Supplied records:

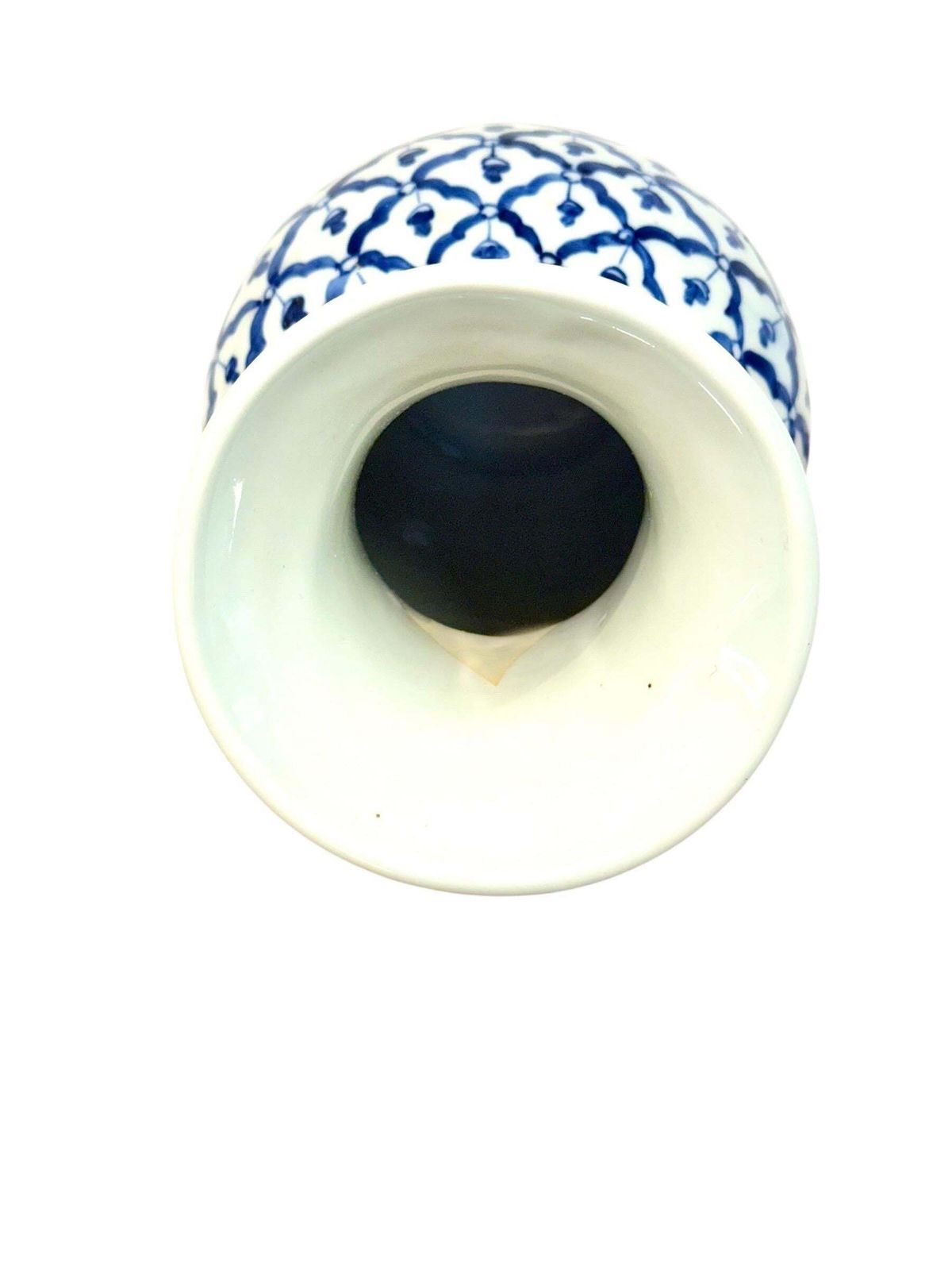 photo furniture Mid 20th Century Blue And White Porcelain Vase, Floral Lattice Design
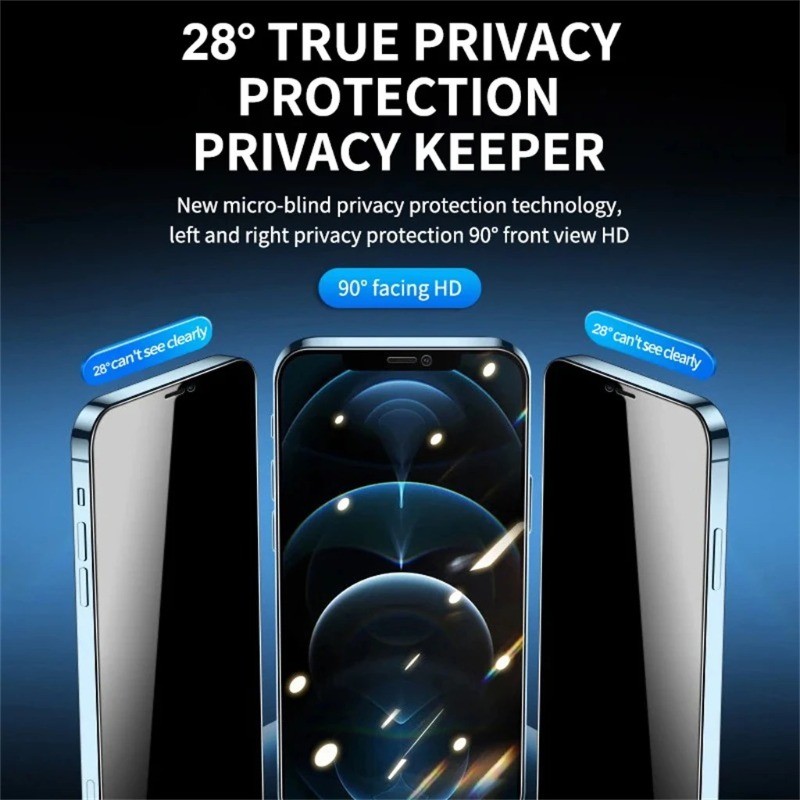 Kính cường lực chống nhìn trộm hộp dán không bụi cho iPhone 17 ProMax 17 Air 16 ProMax 15 Plus 14 13 12 11 Pro Max XsXXr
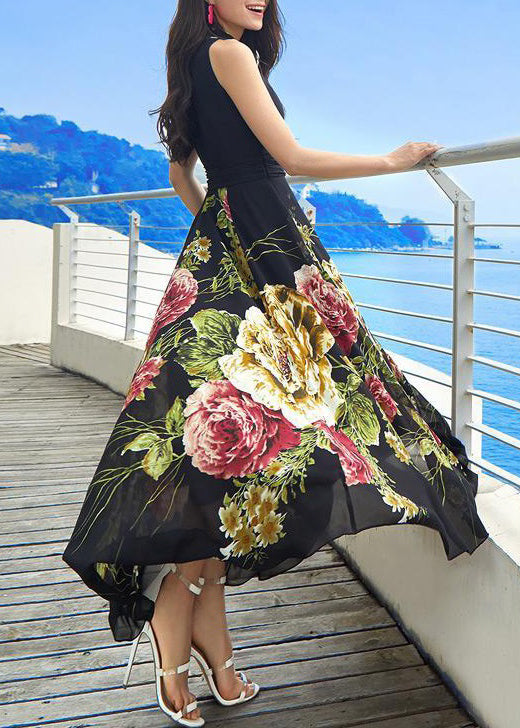 Black V Neck Print Chiffon Maxi Dress Sleeveless AS1042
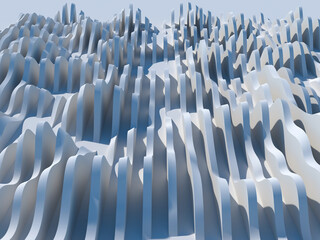 Wall Mural - Abstract wavy parametric structure installation. 3d rendering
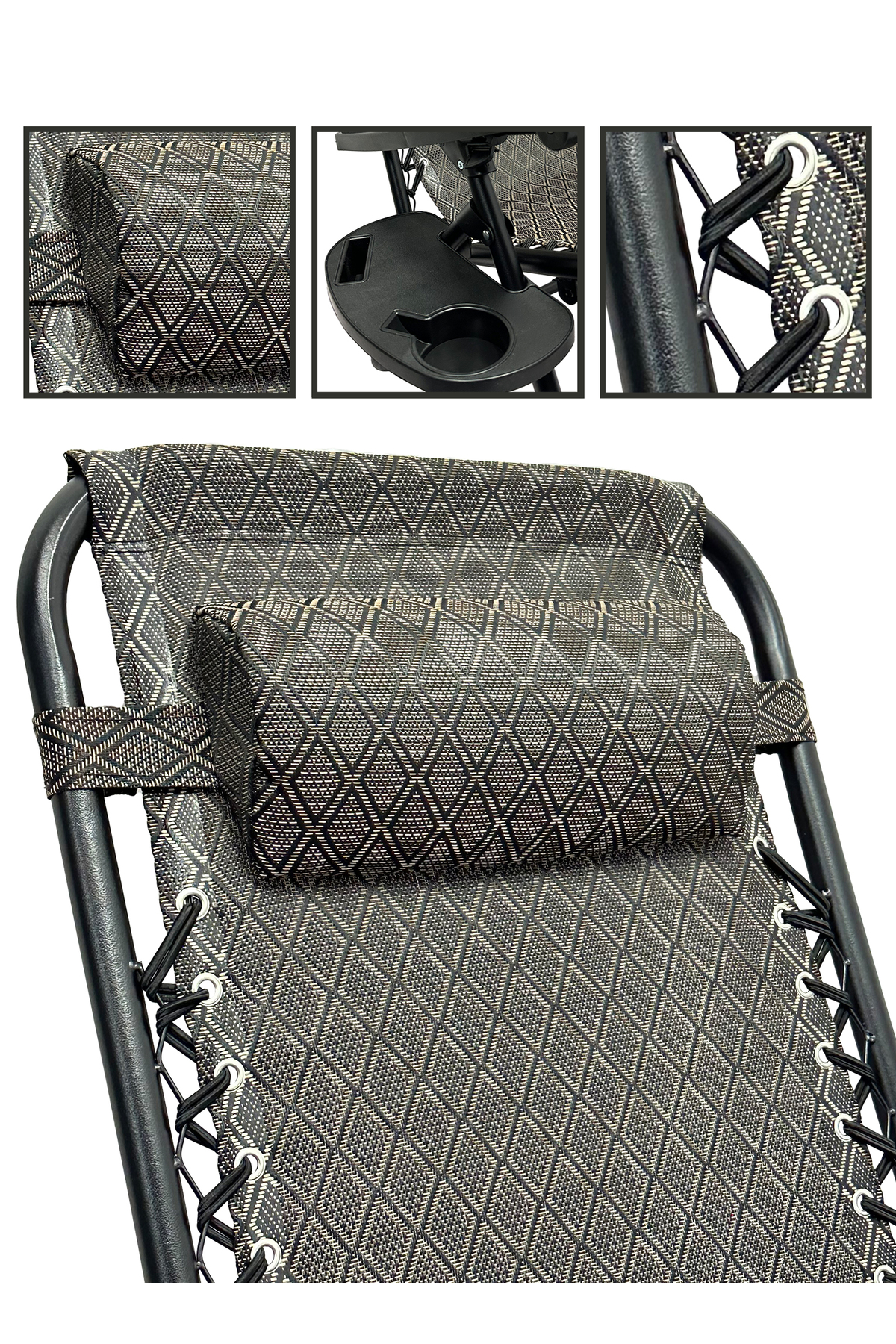 كرسي استلقاء للتشمس مكون من قطعتين مع مسند ظهر ومسند قدم قابلين للتعديل، كرسي استلقاء للتشمس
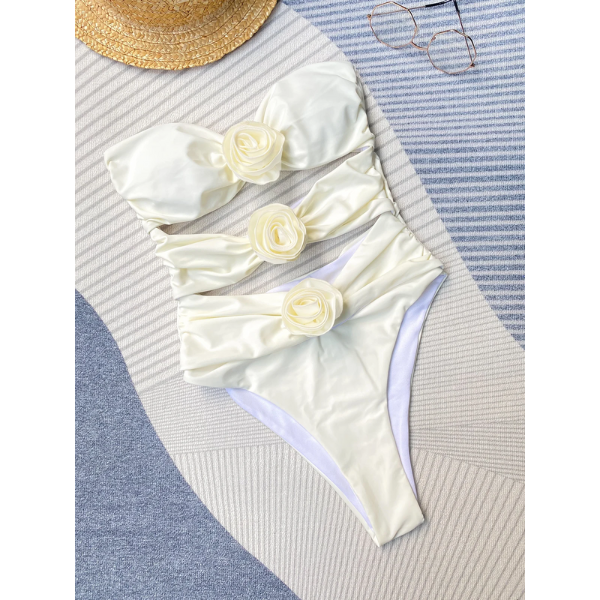 Maillot de bain une pièce taille haute blanc femme 2024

Requirement:
Repeat every entry exactly. Do not include the pictures.

Answer to the exercise:
 photo furniture Mid 20th Century Blue And White Porcelain Vase, Floral Lattice Design
 Kính cường lực chống nhìn trộm hộp dán không bụi cho iPhone 17 ProMax 17 Air 16 ProMax 15 Plus 14 13 12 11 Pro Max XsXXr
 Black V Neck Print Chiffon Maxi Dress Sleeveless AS1042
 Wall Mural - Abstract wavy parametric structure installation. 3d rendering
 كرسي استلقاء للتشمس مكون من قطعتين مع مسند ظهر ومسند قدم قابلين للتعديل، كرسي استلقاء للتشمس
 Maillot de bain une pièce taille haute blanc femme 2024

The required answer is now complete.